Aziz Sahmaoui & University of Gnawa Play a Rare US Show for Free at Lincoln Center by delarue

Aziz Sahmaoui & University of Gnawa’s 2011 album is a lot closer to the rai-rock of Rachid Taha than the hypnotically bouncy Berber trance music popularized by Hassan Hakmoun. Sahmaoui – former frontman of the wildly popular French-Middle Eastern group Orchestre Nationale de Barbes - and his band are playing Lincoln Center Out of Doors at 6:30 PM on Wednesday, July 31 on an excellent bill with shapeshifting desert blues collectives Tartit and Imharhan plus longtime Ali Farka Toure sideman Mamadou Kelly.

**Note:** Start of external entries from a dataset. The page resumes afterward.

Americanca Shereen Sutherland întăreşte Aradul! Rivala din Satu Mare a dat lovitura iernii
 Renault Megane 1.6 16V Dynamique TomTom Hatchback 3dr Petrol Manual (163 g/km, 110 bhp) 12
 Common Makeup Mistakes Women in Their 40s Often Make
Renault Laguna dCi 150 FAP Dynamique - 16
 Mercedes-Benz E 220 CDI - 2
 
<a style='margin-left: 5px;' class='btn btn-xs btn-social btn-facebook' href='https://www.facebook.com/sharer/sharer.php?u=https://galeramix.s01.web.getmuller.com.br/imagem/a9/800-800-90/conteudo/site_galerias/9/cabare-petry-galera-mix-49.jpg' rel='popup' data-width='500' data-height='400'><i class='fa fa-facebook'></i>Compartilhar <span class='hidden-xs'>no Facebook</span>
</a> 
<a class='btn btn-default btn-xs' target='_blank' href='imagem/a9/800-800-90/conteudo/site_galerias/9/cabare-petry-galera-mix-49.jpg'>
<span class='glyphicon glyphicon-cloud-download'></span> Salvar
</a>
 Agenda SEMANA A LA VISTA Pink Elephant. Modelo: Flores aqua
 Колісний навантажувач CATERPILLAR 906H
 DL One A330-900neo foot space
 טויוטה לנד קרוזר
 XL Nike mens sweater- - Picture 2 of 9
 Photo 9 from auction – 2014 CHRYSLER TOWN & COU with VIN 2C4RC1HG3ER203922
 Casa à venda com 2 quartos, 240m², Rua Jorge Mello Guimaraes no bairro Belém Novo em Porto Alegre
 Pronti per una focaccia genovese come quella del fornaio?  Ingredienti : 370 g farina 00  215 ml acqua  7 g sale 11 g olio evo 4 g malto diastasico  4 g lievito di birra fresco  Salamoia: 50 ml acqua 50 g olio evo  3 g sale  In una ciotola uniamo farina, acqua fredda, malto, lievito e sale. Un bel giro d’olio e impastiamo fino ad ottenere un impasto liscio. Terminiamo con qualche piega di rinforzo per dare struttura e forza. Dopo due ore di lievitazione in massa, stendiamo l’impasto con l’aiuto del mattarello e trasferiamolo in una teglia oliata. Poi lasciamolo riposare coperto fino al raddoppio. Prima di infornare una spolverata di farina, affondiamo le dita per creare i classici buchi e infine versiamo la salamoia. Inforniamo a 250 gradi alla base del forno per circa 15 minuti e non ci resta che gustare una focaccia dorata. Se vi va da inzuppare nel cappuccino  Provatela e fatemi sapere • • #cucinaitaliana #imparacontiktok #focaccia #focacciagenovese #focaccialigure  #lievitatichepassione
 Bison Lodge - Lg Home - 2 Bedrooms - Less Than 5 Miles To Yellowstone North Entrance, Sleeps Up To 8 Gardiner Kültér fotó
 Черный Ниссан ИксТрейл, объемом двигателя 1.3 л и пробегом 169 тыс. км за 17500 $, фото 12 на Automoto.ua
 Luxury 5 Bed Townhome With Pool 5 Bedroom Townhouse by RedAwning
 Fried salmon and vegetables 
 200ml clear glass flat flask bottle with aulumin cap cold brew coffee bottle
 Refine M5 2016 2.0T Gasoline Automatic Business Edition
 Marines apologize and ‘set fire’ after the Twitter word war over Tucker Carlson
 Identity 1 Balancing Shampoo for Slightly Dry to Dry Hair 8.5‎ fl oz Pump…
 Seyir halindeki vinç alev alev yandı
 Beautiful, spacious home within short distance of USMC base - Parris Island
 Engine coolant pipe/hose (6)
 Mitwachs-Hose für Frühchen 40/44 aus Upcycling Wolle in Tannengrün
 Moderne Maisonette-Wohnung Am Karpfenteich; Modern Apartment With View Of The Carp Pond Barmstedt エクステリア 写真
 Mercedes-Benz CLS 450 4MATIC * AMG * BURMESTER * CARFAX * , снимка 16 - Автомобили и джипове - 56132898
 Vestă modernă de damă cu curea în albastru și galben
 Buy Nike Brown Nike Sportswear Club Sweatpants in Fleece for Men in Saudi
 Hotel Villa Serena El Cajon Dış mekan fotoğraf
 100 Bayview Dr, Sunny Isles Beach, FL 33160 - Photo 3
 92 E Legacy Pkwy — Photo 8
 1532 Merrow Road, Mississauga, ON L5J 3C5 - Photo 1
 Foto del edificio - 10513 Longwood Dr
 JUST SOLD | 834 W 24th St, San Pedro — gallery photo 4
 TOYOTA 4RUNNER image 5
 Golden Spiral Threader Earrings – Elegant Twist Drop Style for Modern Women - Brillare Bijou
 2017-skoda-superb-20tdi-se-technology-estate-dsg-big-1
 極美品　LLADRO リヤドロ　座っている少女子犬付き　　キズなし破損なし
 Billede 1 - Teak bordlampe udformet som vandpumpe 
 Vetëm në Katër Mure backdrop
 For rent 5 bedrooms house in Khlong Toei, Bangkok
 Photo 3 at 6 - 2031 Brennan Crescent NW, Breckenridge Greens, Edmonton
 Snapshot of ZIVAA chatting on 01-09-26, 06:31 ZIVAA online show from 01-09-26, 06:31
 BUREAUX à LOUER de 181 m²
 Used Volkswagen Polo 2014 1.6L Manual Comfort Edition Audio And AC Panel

The crisp digital production of Sahmaoui’s album, which will no doubt be available at the merch table, separates everything carefully into its own place in the sonic picture: no doubt the band will sound more reckless and energetic onstage. Sahmaoui plays a museum’s worth of North African stringed instruments as well as acoustic and electric guitars, backed by multiple percussionists (and electric bass, when he isn’t playing the funky two-stringed bendir lute). The tracks intersperse spare, mantra-like traditional tunes within a mix of eclectic originals.

Beginning with a hypnotic, circular ngoni theme, the album gets rolling with its catchiest and arguably most haunting track, with a nod to the Clash’s Guns of Brixton. It’s a lament for a war-torn country as seen through the eyes of a young girl in the rubble of her home, reprised in a more spare, acoustic version at the end of the album. The fourth track, Kahina (Destiny), with its ominous chromatics and pensive antiwar lyric, is another standout. Samhaoui played in a late version of Weather Report founder Joe Zawinul’s band, so it’s no surprise to find a cover of Zawinul’s Black Market here, redone as swaying, surprisingly skeletal rai-rock. A couple of songs blend echoes of Malian desert blues with lilting soukous from further south. Sahmaoui uses catchy two-chord trip-hop vamps as palettes for layers and layers of tersely interwoven, tersely plucked melody.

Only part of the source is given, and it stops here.